Bell Tower Green renamed to honor Stanbacks; Nancy Stanback receives key to city
SALISBURY — Downtown Salisbury’s new park has been renamed to honor a prominent philanthropic family that has spearheaded support for its creation.
Bell Tower Green Park will now be called “Bell Tower Green at Stanback Square” to reflect the significant contributions made to the park’s construction by Nancy Stanback, her late husband Bill, and Fred and Alice Stanback. Bill and Fred were cousins and longtime business partners.
The renaming was announced during a ceremony held Friday afternoon at City Hall during which Nancy was also presented with a framed key to the city by Mayor Karen Alexander.
“It was overwhelming,” Nancy said. “It really was. I was very touched. I think it brought me to tears. It was so kind of Karen Alexander to do that.”
The Stanbacks have been ardent supporters of Bell Tower Green from the beginning — when the park’s organizers were still trying to determine if they should move forward with their ambitious plans.
“They were inspiring and they were inspired about the park,” said Jason Walser, vice president of Bell Tower Green. “They made a commitment from the outset to learning about the possibility of the park. They made both a financial commitment and a commitment to support it over time.”
About $12 million has since been raised for the creation of the park, which will feature a water wall, amphitheater, playground and ample green space.
Bell Tower Green President Dyke Messinger said the park’s board of directors thought it was fitting to rename the land between Church, Fisher, Jackson, and West Innes streets to recognize the Stanbacks’ support. Renaming the ground on which the park sits also doesn’t deviate from the board’s desire not to name individual parts of the park after people, Messinger said.
“The park couldn’t have been built to the design today without Nancy, Bill, Fred and Alice Stanback,” Messinger said. “They’ve been huge supporters all the way.

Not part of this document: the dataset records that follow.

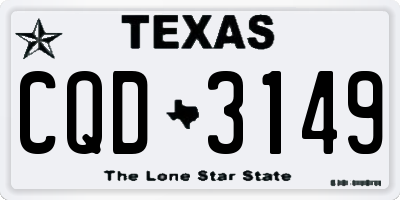 TX license plate CQD3149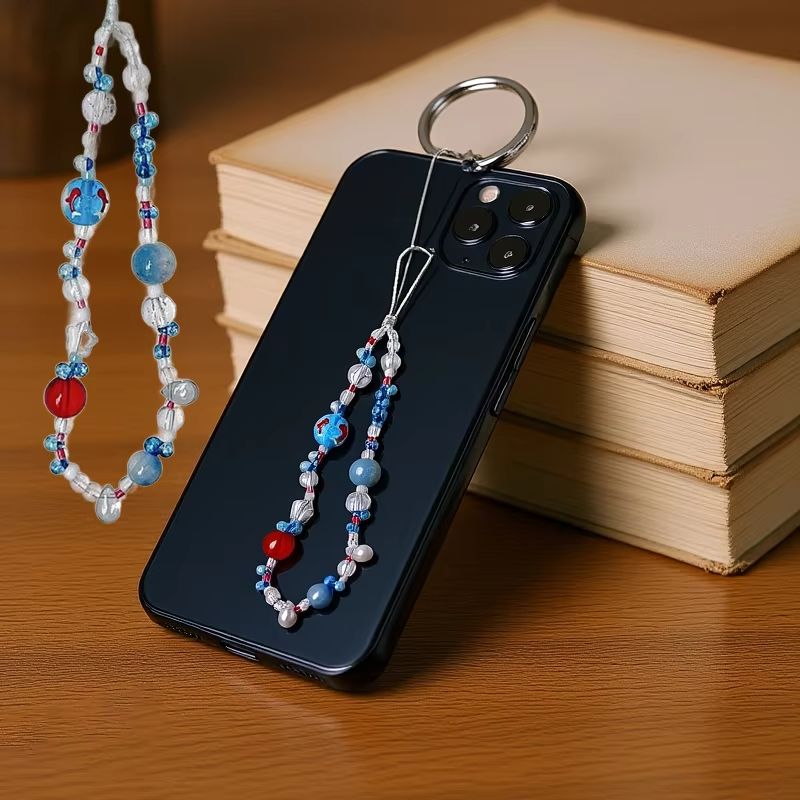 Anti Lost Cellphone Strap Bracelet Keychain Pendant Y2K Aesthetic Mobile Phone Lanyard Ins Style Beaded Phone Chain pen gpt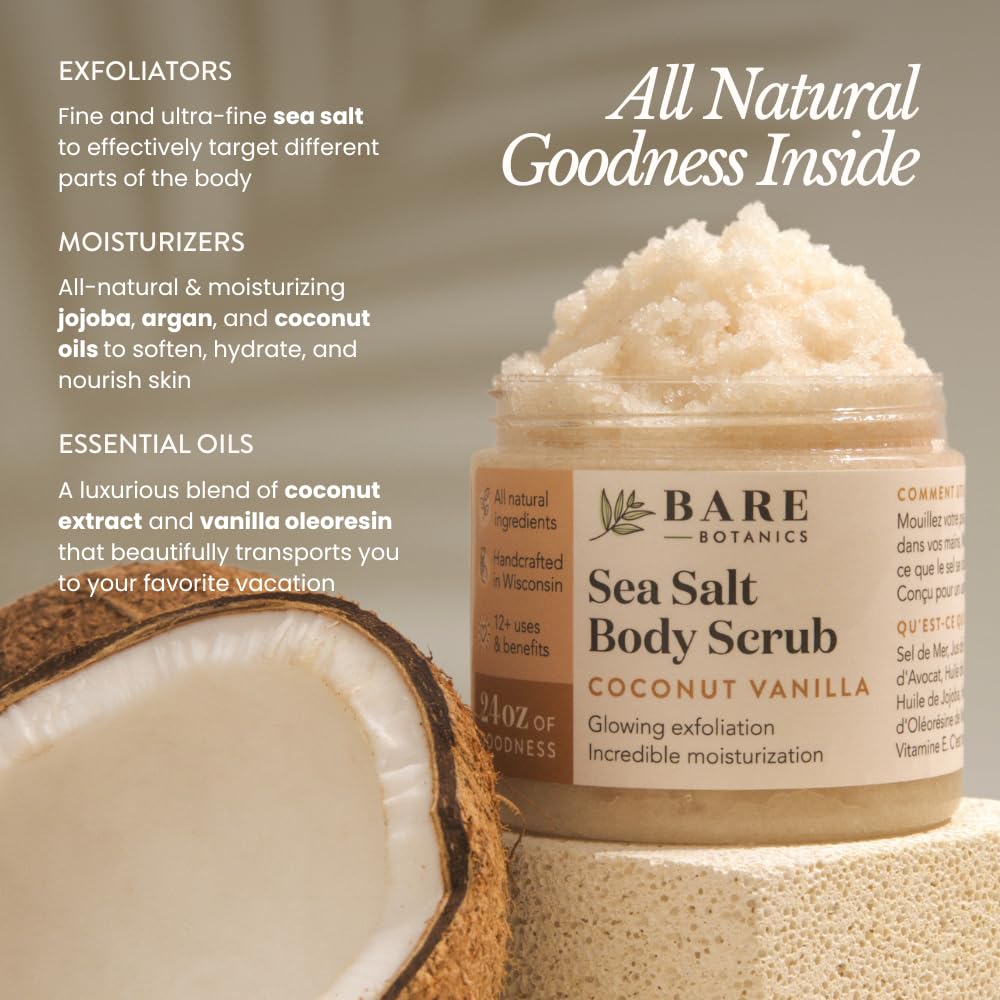Bare Botanics Coconut Vanilla Body Scrub 24oz – All Natural Sea Salt Exfoliator, Vegan, Cruelty-Free, Moisturizing, Gift-Ready w/ Wooden Spoon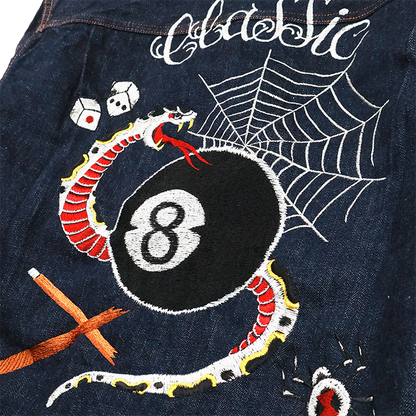 FULL COUNT(フルカウント)2102E Classic Tattoo Embroidery Type 2 Denim Jacket Original Drawing by “HORIDAI”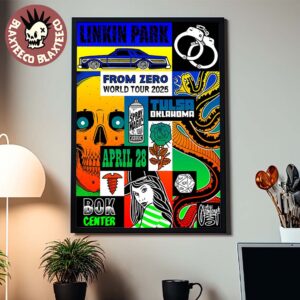 Linkin Park From Zero World Tour 2025 Tulsa Oklahoma Concert Poster On April 28 2025 At Bok Center Home Decor Poster Canvas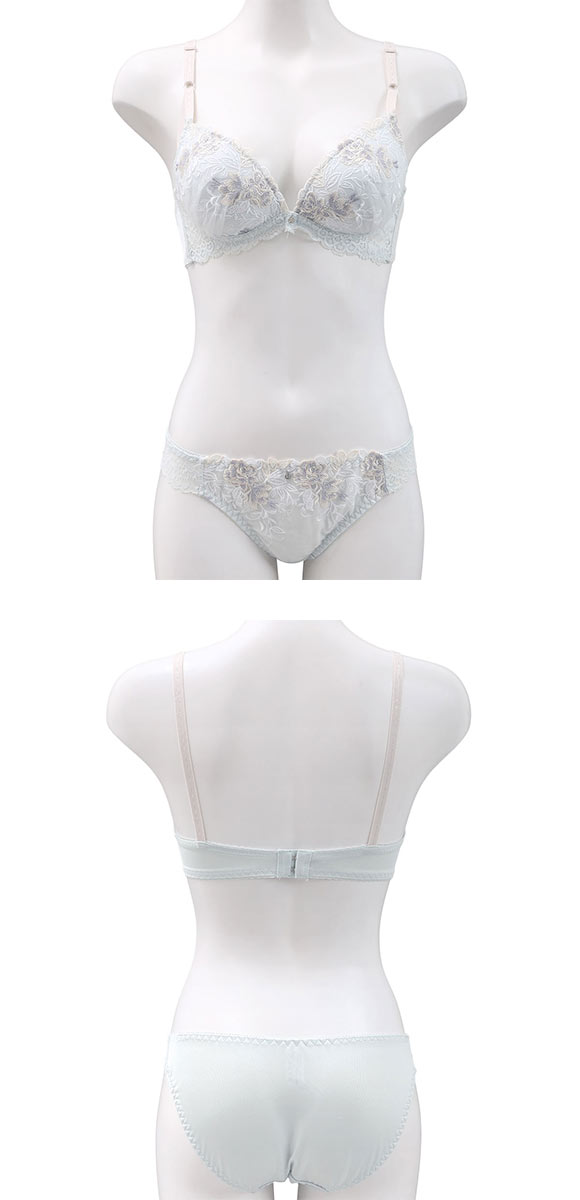 ピュアシェリ 3色小花チュールレース ノンワイヤー ブラセット M L LL ブラジャー ショーツ セット ワイヤレス PURECHERIE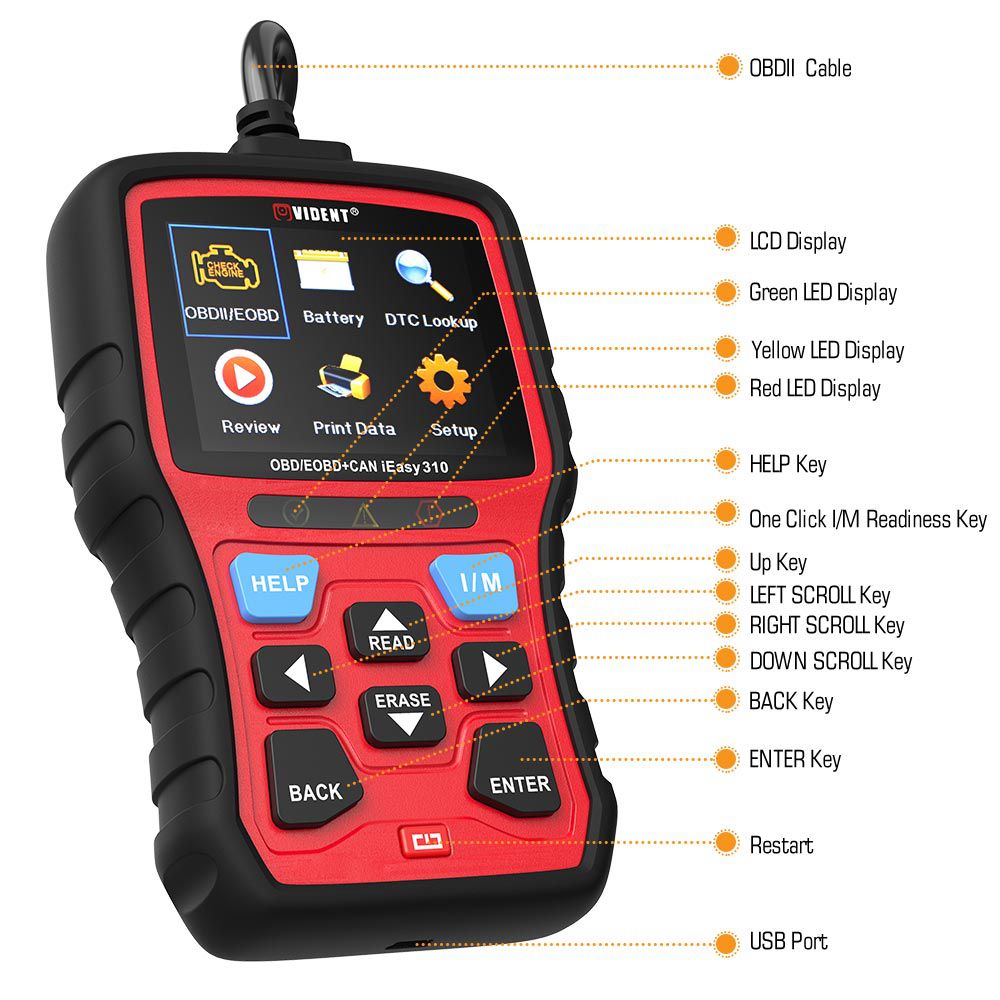  Vident iEasy310 OBD2 Scanner OBDII Code Reader and Car Diagnostic Tool OBD2 Automotive Scanner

They’ve challenged us to be smart with what we’re spending our money on to do it right and to scour the community with other investors.”
Messinger said Nancy continued to be a passionate champion for the park even after Bill passed in 2018. Walser said she has provided input on landscaping throughout the process.
“Her fingerprints will be on this park forevermore, just as Bill and Alice and Fred’s will as well,” Walser said.
The finished park will feature signage reflecting the “Stanback Square” location and the name will officially be designated on the deed that will be transferred to the city once the park is completed.
After a rainy few months to the start 2021, progress on Bell Tower Green has hastened thanks to dry, sunny weather in recent weeks. Messinger said he anticipates the park being opened to the public by July with an official opening ceremony held in September.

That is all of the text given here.